Don’t get us wrong. We still insist that our clients (many who have finance and accounting backgrounds), to continue to read their monthly financial statements, including the traditional Income Statement, balance sheet and cash flows and to continue to compare those monthly results to the plan and/or to the previous year’s results. We also continue to encourage them to run the traditional ratios as a way to check the health of their business.

What we are recommending is that they create a new section within this review that includes more significant key performance indicators as part of their management process to track and predict their business success.

This section must, however, be carefully crafted to ensure that the ‘right indicators’ are included that properly measure the processes the business engages in every day. Let us explain.

While we won’t get into the academic discussions pertaining to Causality (you can google Causality or go to Wikipedia to get into the details of the subject from multiple disciplines), the key idea is that with any business process, there are certain ‘laws’ governing that process. While everyone may not totally understand the ‘laws’ governing that process, those ‘laws’ still ‘govern’ that process. Those laws must be followed in some order to get the desired outcome. Any deviation from those laws will result in a less than desireable outcome. Let us give a simple example.

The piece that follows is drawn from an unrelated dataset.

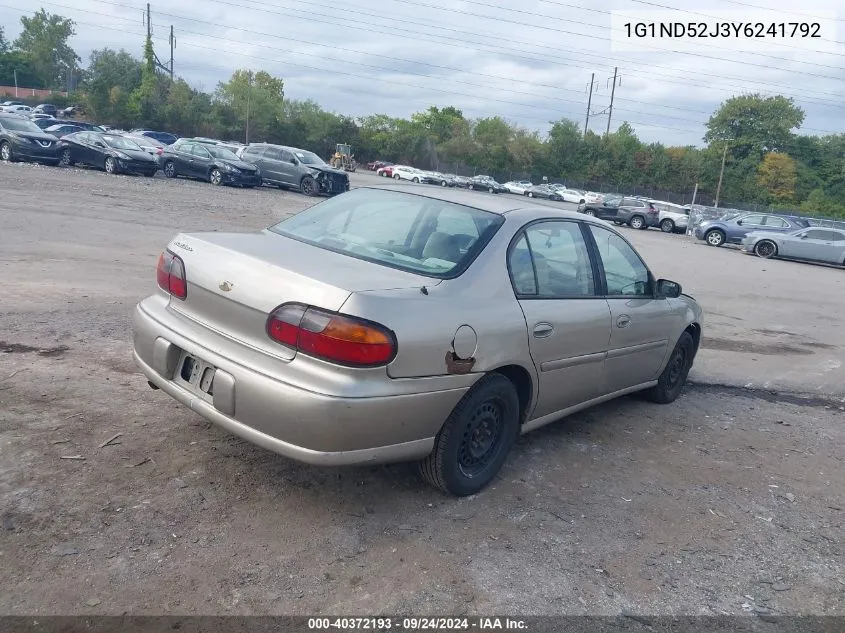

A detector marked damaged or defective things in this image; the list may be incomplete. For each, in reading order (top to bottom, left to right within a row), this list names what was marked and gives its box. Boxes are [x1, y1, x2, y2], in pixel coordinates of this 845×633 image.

damaged vehicle [237, 143, 350, 195]
damaged vehicle [135, 185, 704, 496]
rust spot [446, 350, 472, 376]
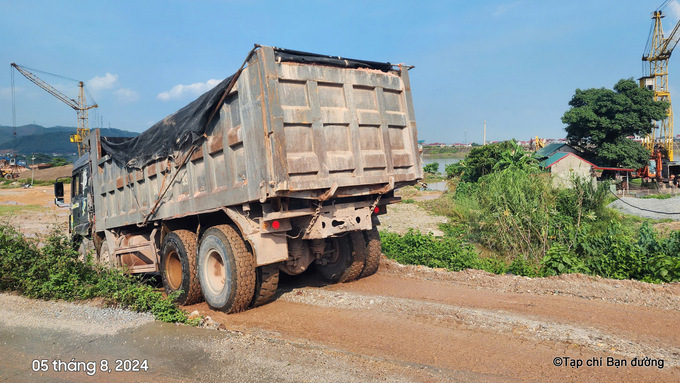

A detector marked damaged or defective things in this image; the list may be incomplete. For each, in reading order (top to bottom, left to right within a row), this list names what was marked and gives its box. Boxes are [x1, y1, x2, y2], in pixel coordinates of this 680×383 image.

For instance, the process of baking a cake (i.e. the recipe) is pretty straight forward. However, understanding the right amount of ingredients and in what order to mix them in in order to get the desired taste and appearance is required (i.e. understanding the laws governing that process).

The same ideas applies to creating the right KPI’s. You must not only understand your process but also understand what events or actions cause certain results within the business (i.e. the laws). You must then ensure that you choose the right measure to tell you if that law is being followed or not (we won’t get into the issue of the law no longer being valid). By then creating and calibrating measures to monitor your key ‘laws’, you can then predict how and where your business will go. (thus the concept of a key performance indicator).

Above all though, you must ensure that your KPI truly measures the laws and causal relationships within your business (i.e. the baking a cake example.)

Our clients have found that once they have completed the above efforts to develop their KPI’s, they have been able to troubleshoot faster since they can quickly and easily identify where the problem lies. In turn, they have then been able to solve those issues quickly. In fact, they have found that they have moved from a reactionary state to one where they are proactivly managing and growing their business.